Vian, autore del celebratissimo Le diserteur, inno contro la guerra scritto dopo la sconfitta francese in Indocina a Dien Bien Phu, non ha mai sconfessato Vernon Sullivan, non ha mai sputato sopra i suoi americanissimi romanzi. Dieci anni quasi esatti dopo il sequestro del libro, il 23 giugno del 1959, c’ è la proiezi0one privata del film che Michel Gast ha ricavato dal romanzo. Vian in un primo momento aveva collaborato alla sceneggiatura per poi allontanarsene in corso d’opera per avvenute divergenze col regista e ritirando la firma dai titoli di coda. Durante la proiezione muore.

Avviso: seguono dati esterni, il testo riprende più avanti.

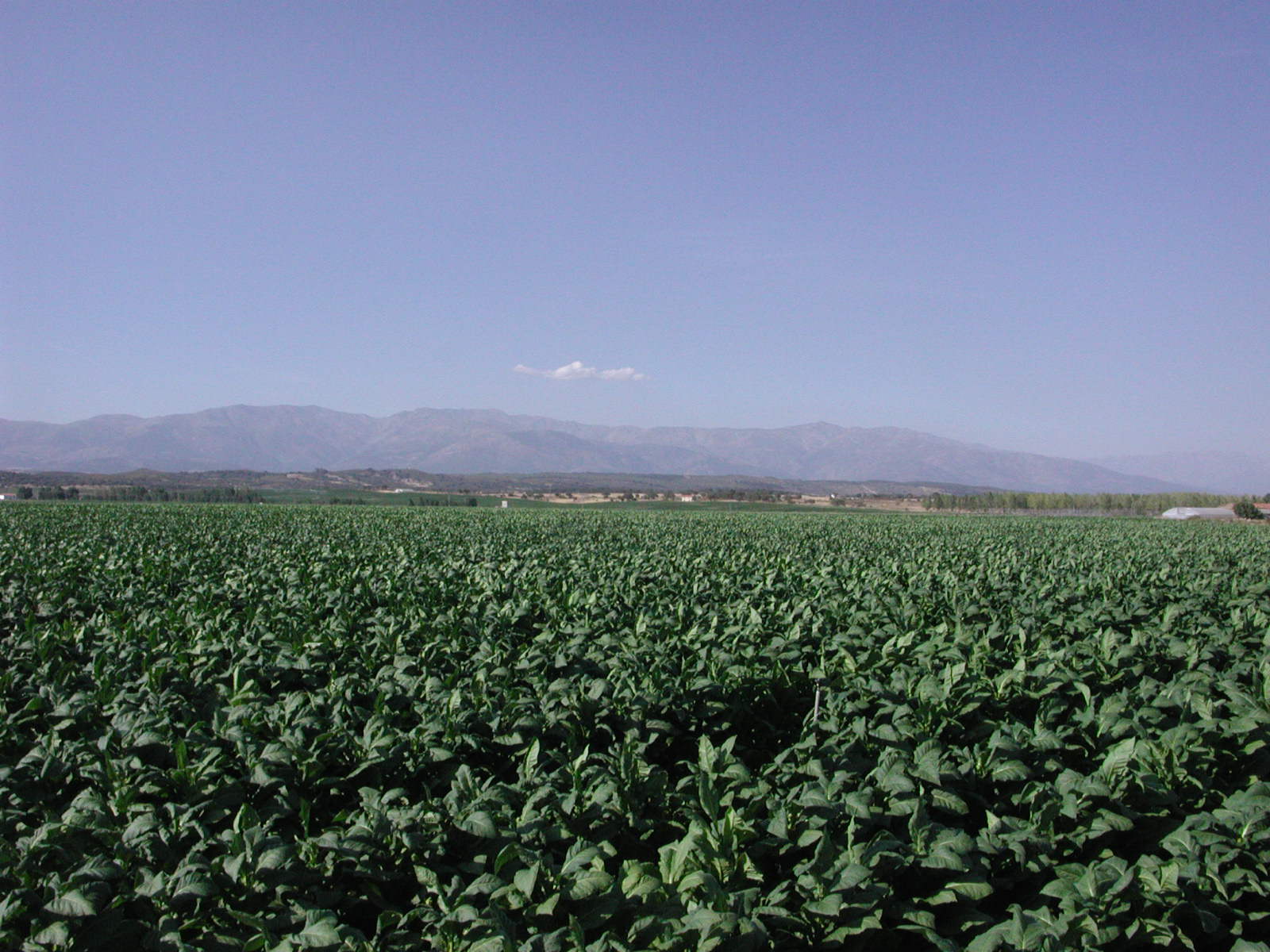 Plantación de tabaco virginia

Nicole Bertolt, amica di Ursula Kubler, moglie di Boris Vian, autrice di varie opere su di lui, appartenente anche lei all’Accademia di Patafisica (la Scienza delle soluzioni impossibili) e curatrice dell’intero lascito artistico dello scrittore, in un’intervista a Massimo De Feo su “il manifesto” del 10 dicembre 2016 racconta di quella sera della proiezione del film: “Una pellicola che ha fatto soffrire parecchio Vian tanto che e’ morto alla prima. Ma, e’ bene sottolinearlo, non e’ morto solo a causa del film, e’ morto anche perché era malato, era stanco, non ne poteva più, e forse anche perché non riusciva più a trovare in se stesso nuove fonti di energia al passo coi tempi…si era all’inizio degli anni ’60, un periodo di enormi cambiamenti… (..)Vian era seduto nel cinema accanto a degli amici, uno è ancora vivo e ha assistito alla morte di Boris Vian. E’ Alain Goraguer, Gogo, compositore, jazzista, suonava con Vian e poi con Serge Gainsbourg, e c’era pure Eddie Barclay, è lui che ha portato in Francia i primi dischi a 33 giri, era un amico di Charlie Parker… e dunque c’era Eddie alla sua destra e Gogo alla sua sinistra e Boris Vian era esasperato ‘ma e’ una cacata!, questo film non ha niente a che vedere col mio romanzo…’ era in collera e poi è come soffocato – ha avuto quello che si chiama un edema polmonare – ed è crollato per terra. Non è morto subito ma durante il trasporto in ospedale.”


E, come Boris Vian aveva scritto: “Morirò un poco, molto, | Senza passione, ma con interesse | E poi quando tutto sarà finito | Morirò.”